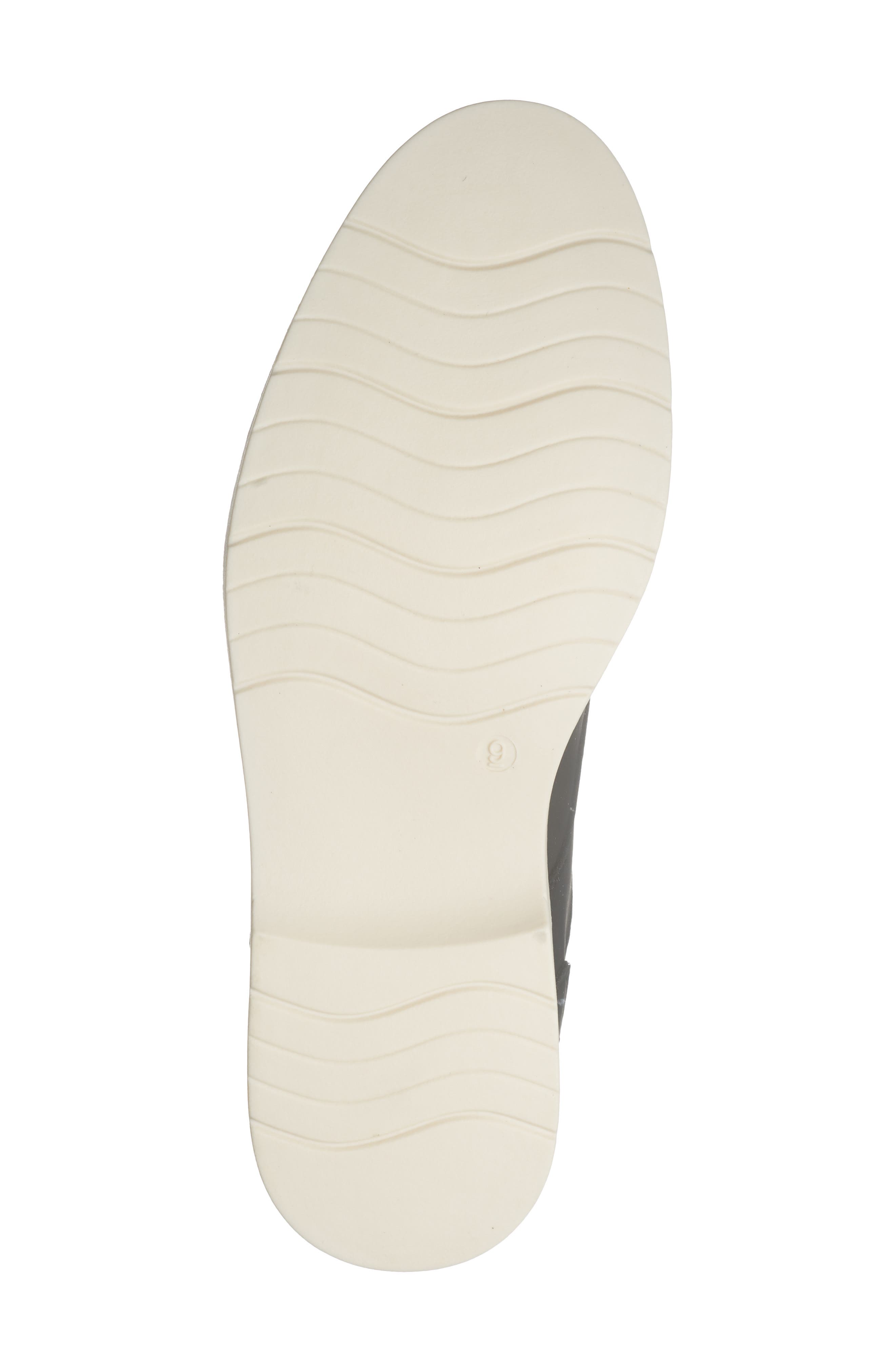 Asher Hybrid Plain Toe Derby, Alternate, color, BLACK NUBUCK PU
---
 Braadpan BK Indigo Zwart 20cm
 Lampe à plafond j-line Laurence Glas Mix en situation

● TASK DETAILS
Using the data above, extract exactly the lines from the one that holds "Braadpan BK Indigo Zwart 20cm" to the one that holds "Lampe à plafond", both ends included, and no others.

● YOUR SOLUTION
 Braadpan BK Indigo Zwart 20cm
 Lampe à plafond j-line Laurence Glas Mix en situation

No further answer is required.